--- START ---
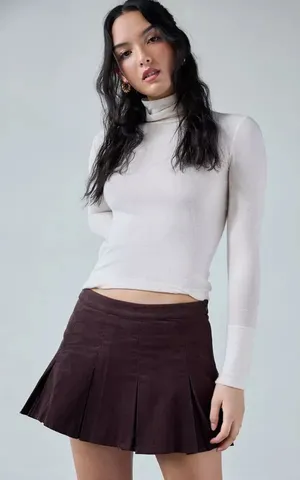 NWT Motel Rocks Sejuani Cord Mini Skirt In Bitter Chocolate Brown Large thumbnail 1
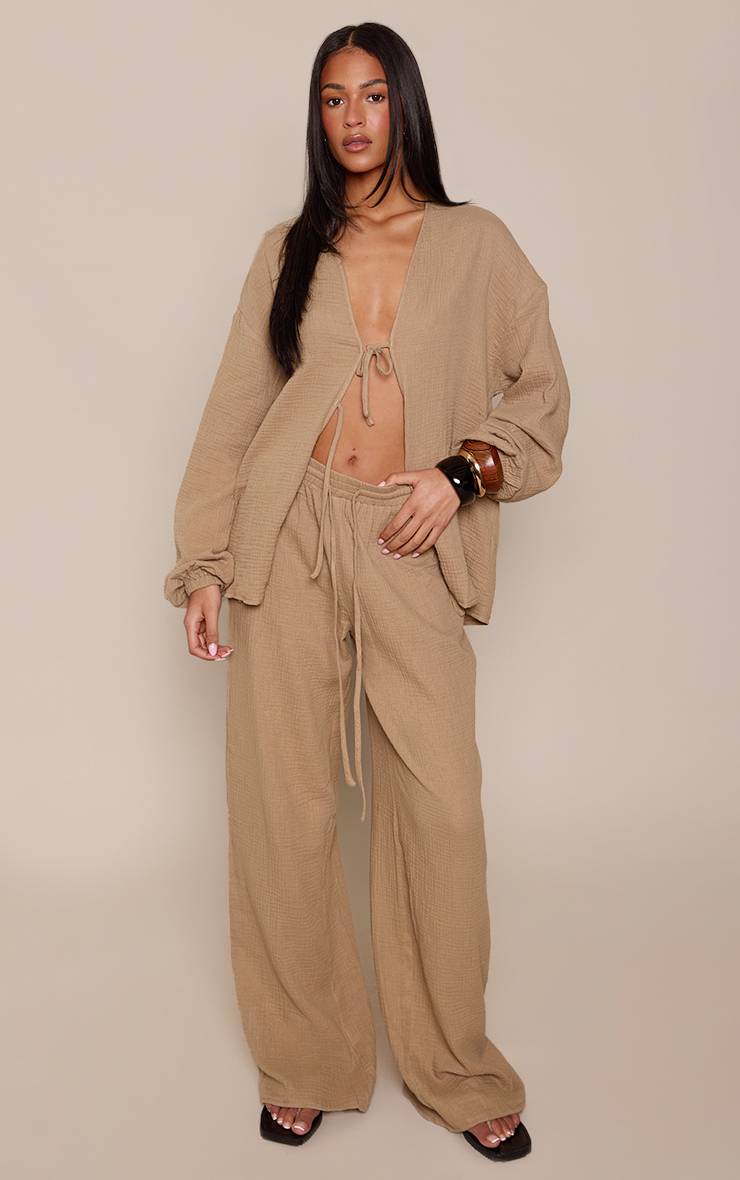 Champignon Pantalon Large En Gaze Texturée Pour Grandes Tailles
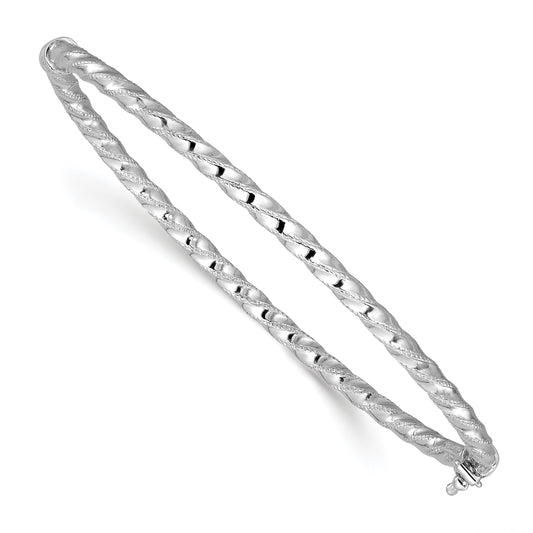 10K White Gold Polish/Textured/Twisted Hinged Bangle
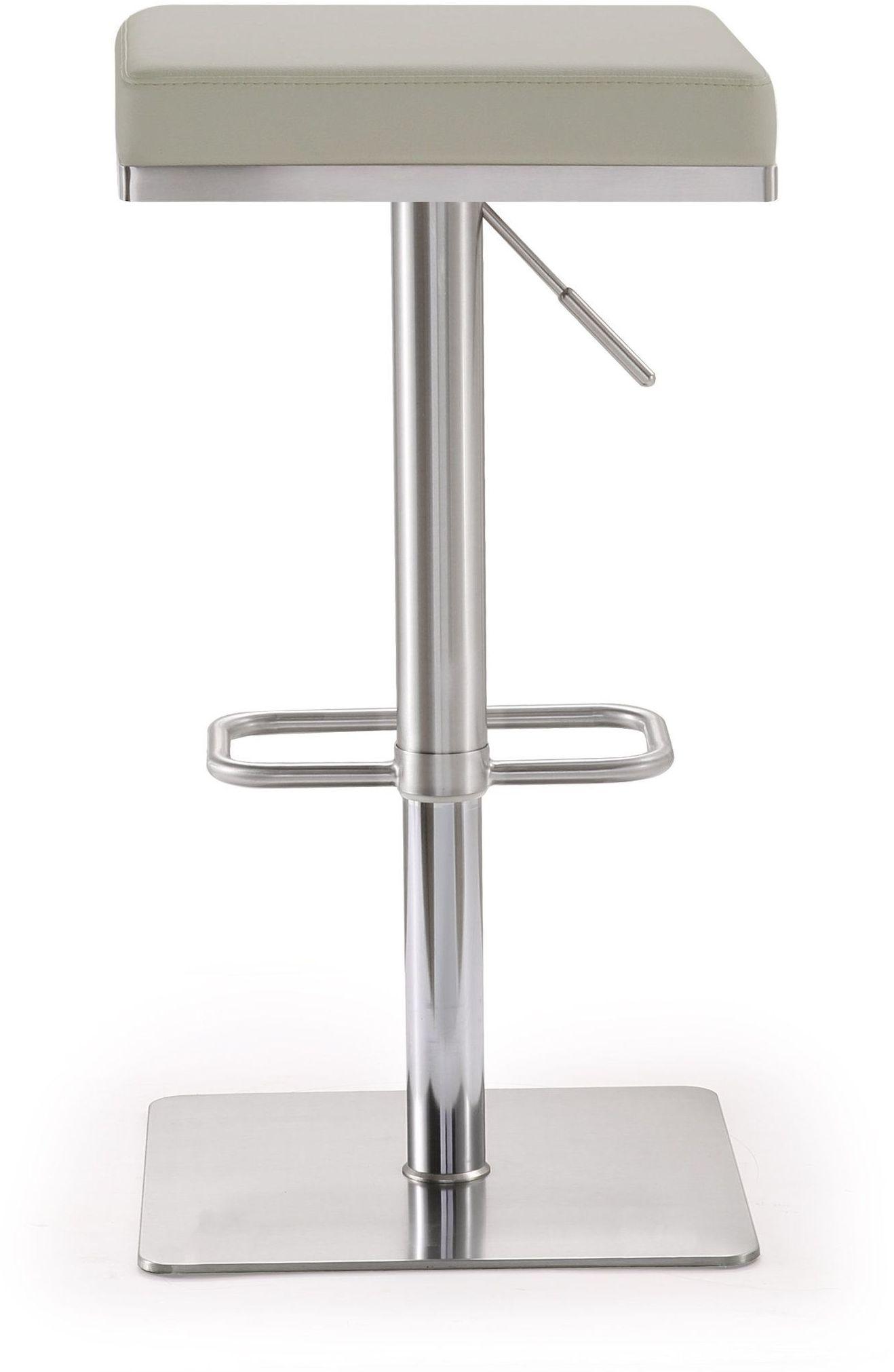 scalloped light grey stainless steel barstool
--- END ---
*WHAT TO DO:*
In this exercise, set down all of the data exactly, without the pictures.

*SOLUTION FOR THIS PROBLEM:*
 NWT Motel Rocks Sejuani Cord Mini Skirt In Bitter Chocolate Brown Large thumbnail 1
 Champignon Pantalon Large En Gaze Texturée Pour Grandes Tailles
 10K White Gold Polish/Textured/Twisted Hinged Bangle
 scalloped light grey stainless steel barstool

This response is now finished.